Quantitative FRET Microscopy Reveals a Crucial Role of Cytoskeleton in Promoting PI(4,5)P2 Confinement | iBB | Scoop.it

Phosphatidylinositol 4,5-bisphosphate (PI(4,5)P2) is crucial to many cellular processes in eukaryotes, including membrane trafficking, signal transduction, ion channel function  and cytoskeleton dynamics. This function multiplicity is partially achieved through a dynamic spatiotemporal organization of PI(4,5)P2 within the membrane. In a recent paper published in IJMS, an IBB team (Maria J. Sarmento, Luís Borges-Araújo, Sandra N.Pinto, Nuno Bernardes, Joana Ricardo, Ana Coutinho, Manuel Prieto and Fábio Fernandes) was able to quantify PI(4,5)P2 confinement in living cells making use of FRET imaging measurements. PI(4,5)P2 was found to be significantly compartmentalized at the plasma membrane of HeLa cells.

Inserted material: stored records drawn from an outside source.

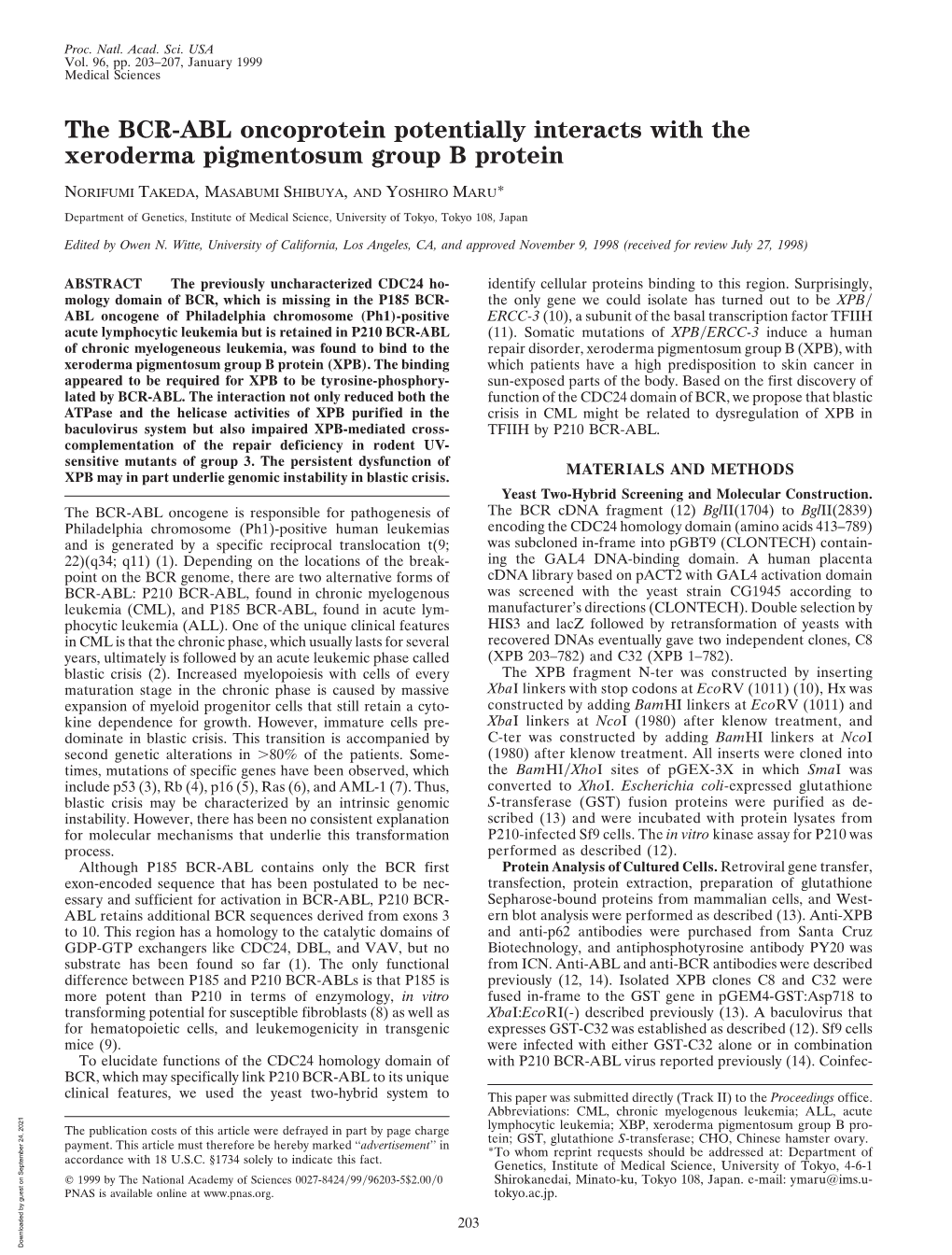 The BCR-ABL Oncoprotein Potentially Interacts with the Xeroderma Pigmentosum Group B Protein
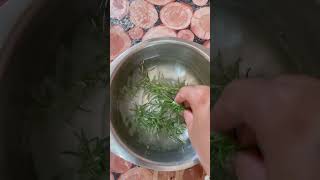 Rosemary plant hair toner ashortaday viralvideo rosemary anishagupta [upl. by Nannarb]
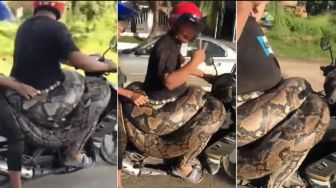 Seorang Pria Boncengkan Ular Piton 200 Kg Pakai Motor, Aksinya Langsung Viral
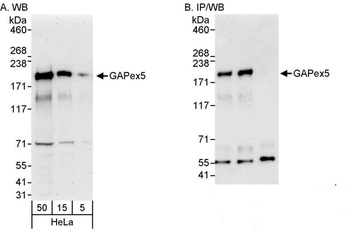 Rabbit anti-GAPex5 Antibody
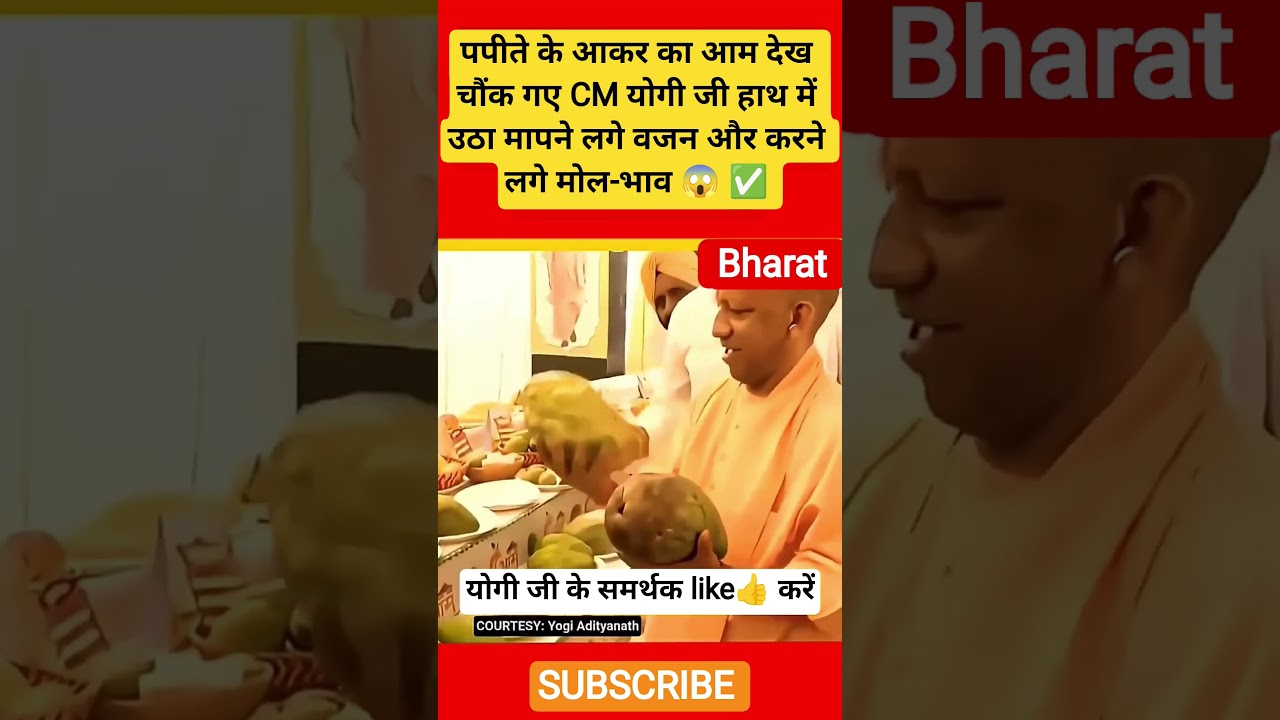 CM Yogi was shocked to see a papaya-sized mango, picked it up and started measuring its #viralvideo✅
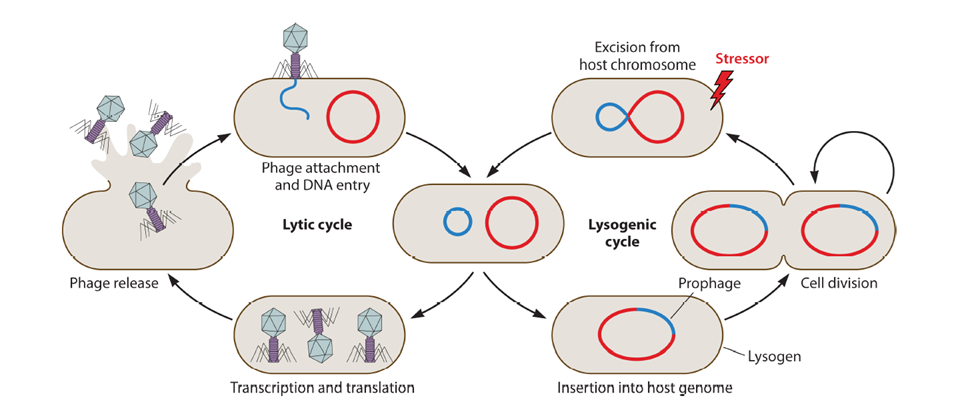 Biasing Bacteriophage Behaviours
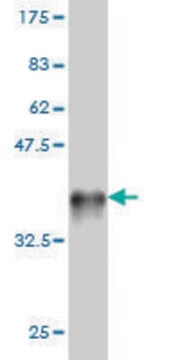 Monoclonal Anti-LGR7 antibody produced in mouse clone 3E3, purified immunoglobulin, buffered aqueous solution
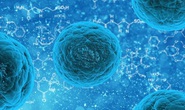 Phát hiện mới giúp Mỹ sớm có một loại vắc-xin chống lại tất cả virus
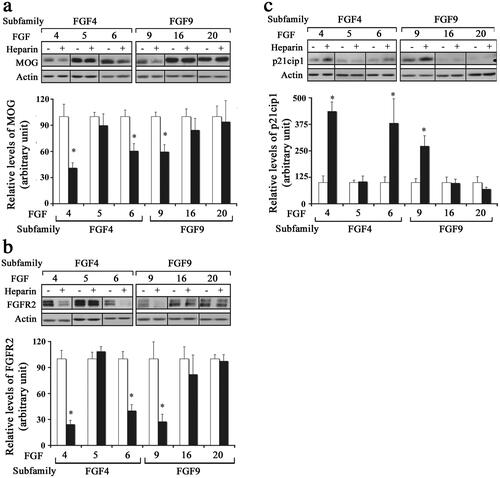 Figure 6. Effect of different FGFs on mature oligodendrocytes after the addition of exogenous heparin. Mature OLs were grown in the absence (control, open bars) or presence of heparin (black bars) and treated with FGF4, FGF5, FGF6, FGF9, FGF16 or FGF20 for 2 d and analyzed for myelin protein expression and cell cycle re-entry. (a,b) immunoblot analysis and quantification of myelin proteins (MOG, FGFR2) show that FGF4, FGF6, and FGF9 significantly downregulated these proteins in the presence of heparin. c, Quantification of p21cip1 show that in the presence of heparin FGF4, FGF6, and FGF9 cause a significant increase in its levels. Error bars represent SEM; N = 3–4 independent experiments, each performed in triplicate. *p < .05. FGF1, FGF2, FGF4, FGF6, FGF9 were used at 10 ng/ml and FGF5, FGF16, FGF20 at 20 ng/ml. Inset, show representative immunoblots for the expression of MOG, FGFR2, p21cip1 and actin as protein loading control.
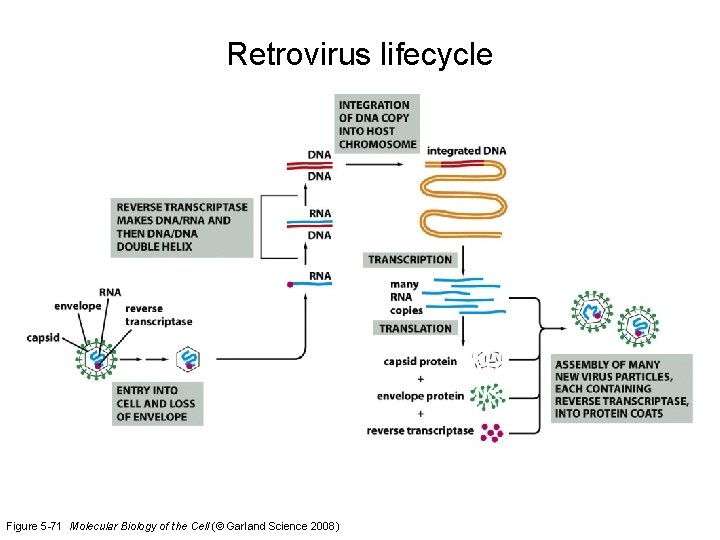 Retrovirus lifecycle Figure 5 -71 Molecular Biology of the Cell (© Garland Science 2008)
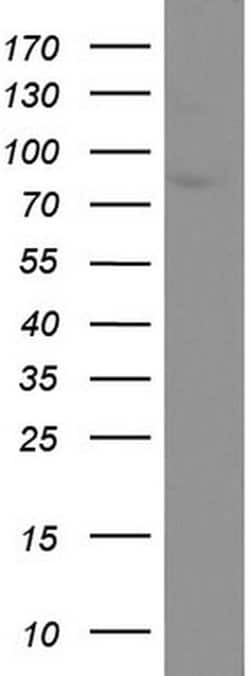 CD44 Mouse anti-Human, Clone: UMAB133, liquid, UltraMAB 30 &mu;L; Unconjugated:Antibodies,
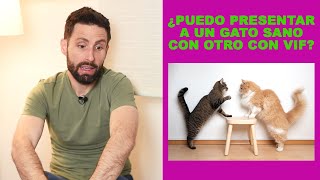 ¿Cómo presentar a dos gatos cuando uno de ellos tiene VIF virus de la inmunodeficiencia felina [upl. by Aniloj]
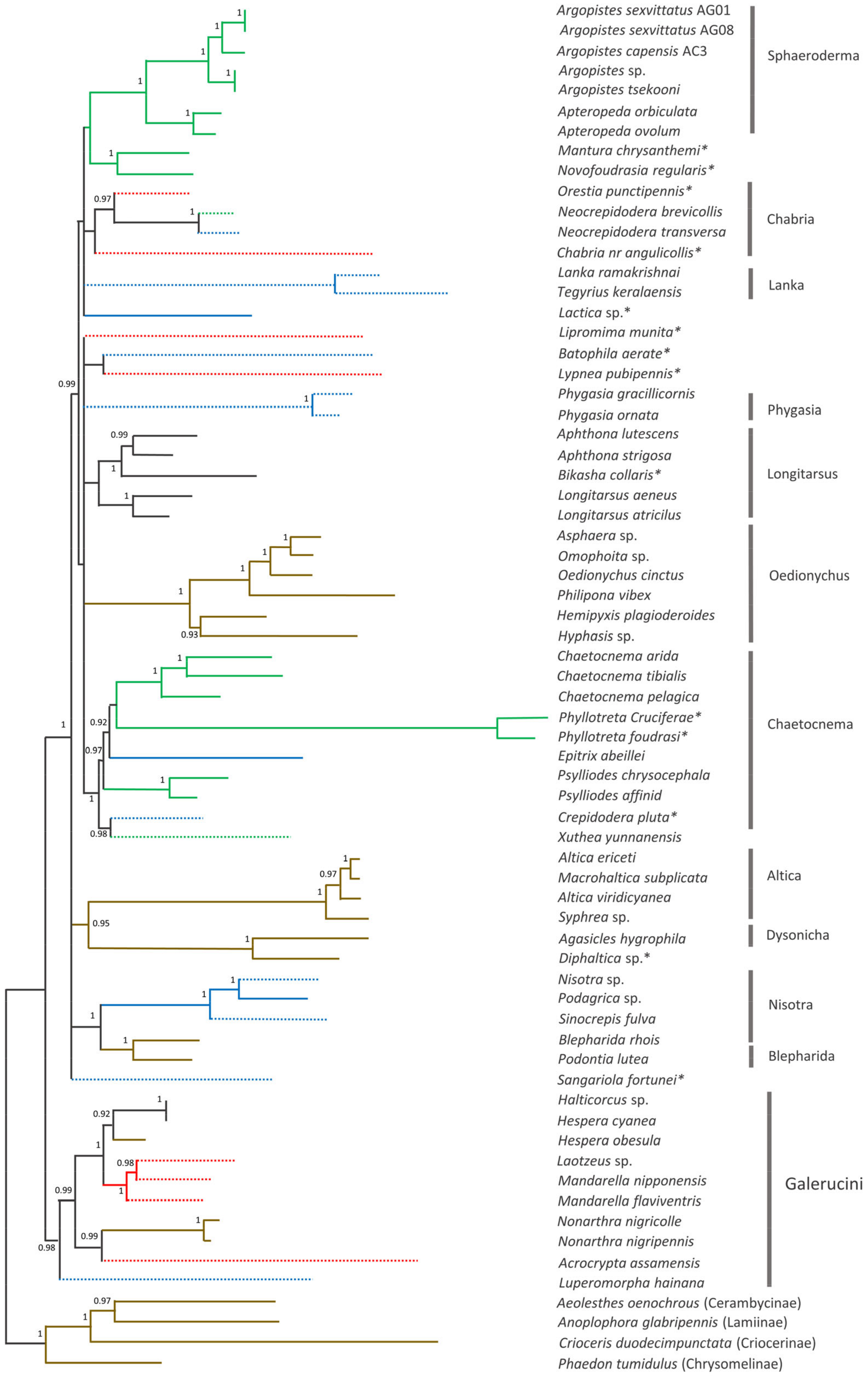 Genes 13 02195 g009 Genes 13 02195 g009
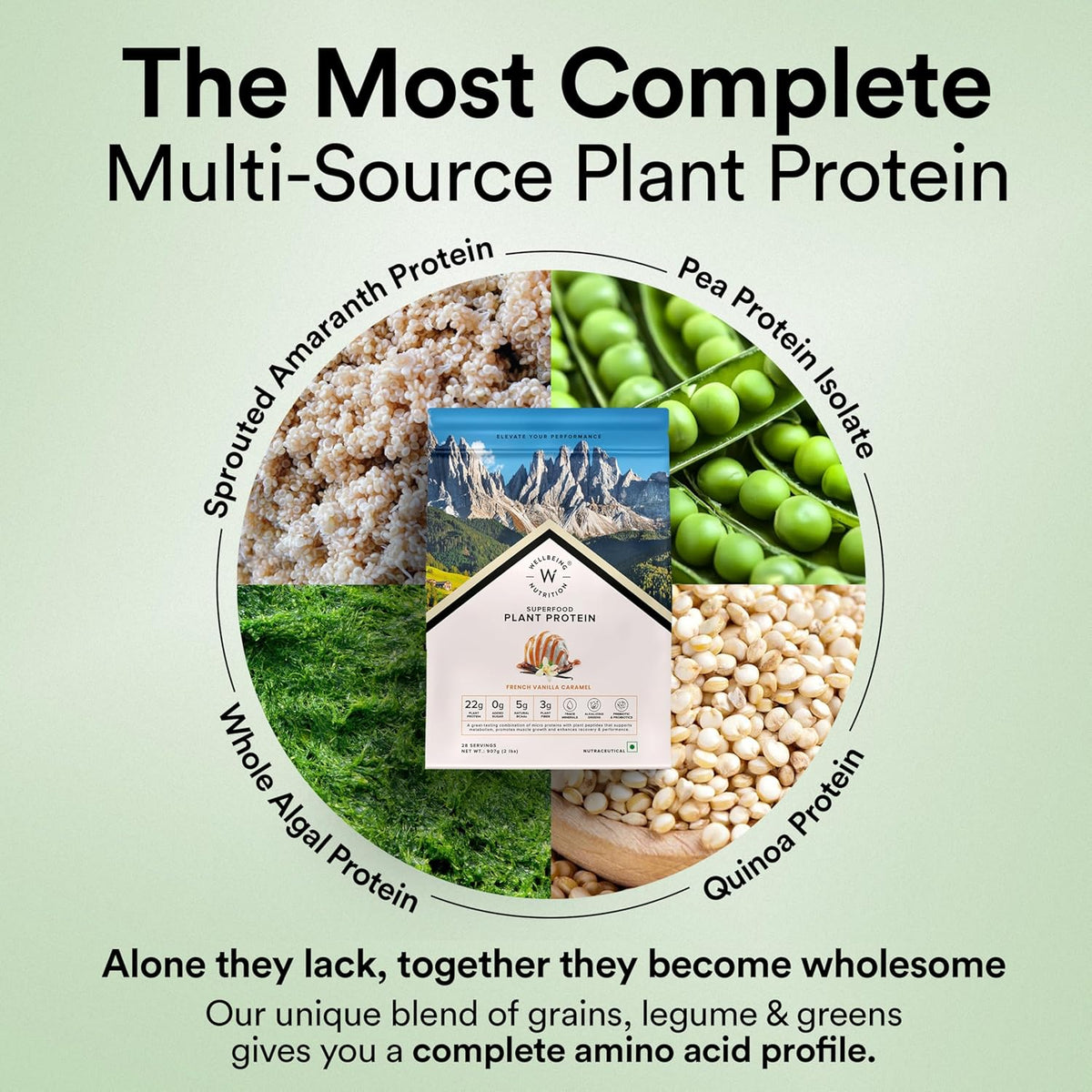 Wellbeing Nutrition Superfood Plant Protein - French Vanilla Caramel, 907g, 28 Servings - Image 3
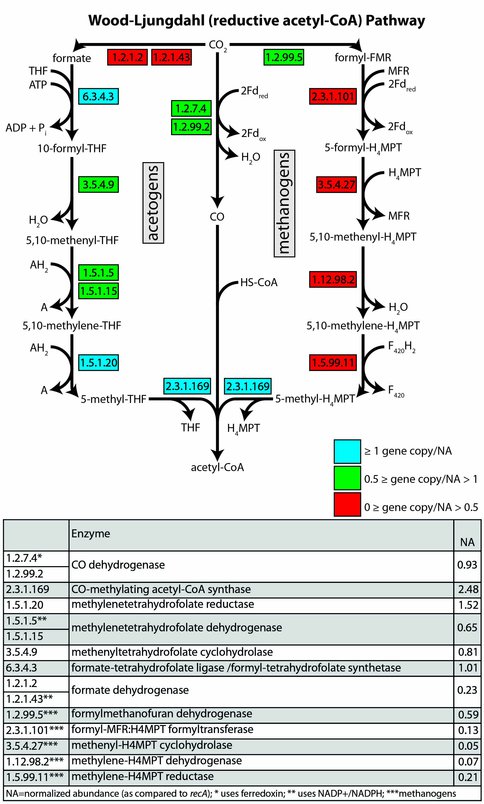 Relative Abundance of Wood-Ljungdahl Pathway Genes in an Archean-Analog Biofilm Metagenome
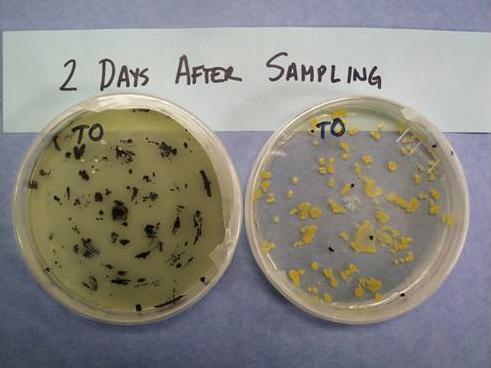growing staph bacteria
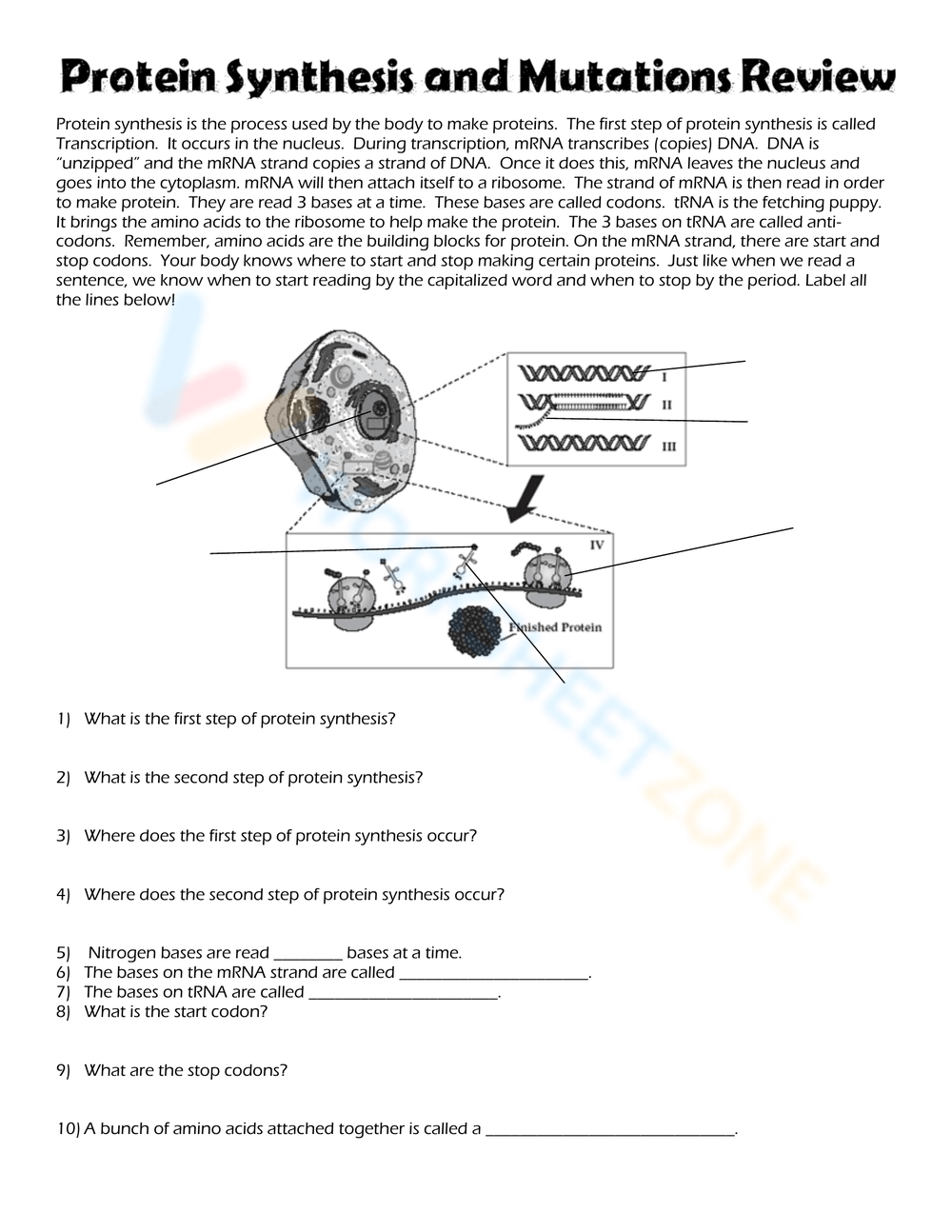 Printable Grade 12 Protein Synthesis Fill In The Blanks Worksheets Printable Grade 12 Protein Synthesis Fill In The Blanks Worksheets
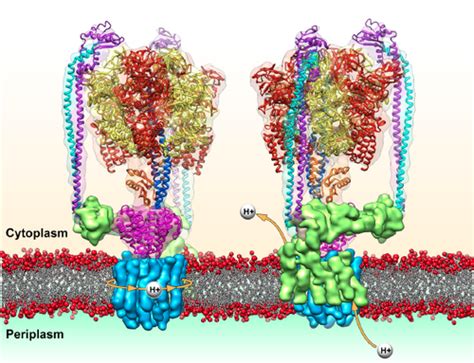 V-class protein pump | Biochemistry, Membrane, Protons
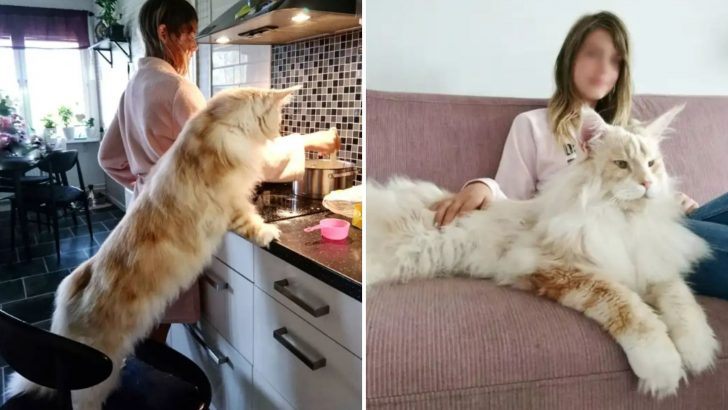 Meet Lotus, A Giant Fluffy Maine Coon Cat That’s Going Viral On Instagram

These PI(4,5)P2 enriched domains were shown to not depend on cholesterol content, ruling out an association with lipid rafts. On the other hand, upon inhibition of actin polymerization, compartmentalization of PI(4,5)P2 was almost entirely eliminated, confirming that the cytoskeleton network is the critical component responsible for the formation of nanoscale PI(4,5)P2 domains.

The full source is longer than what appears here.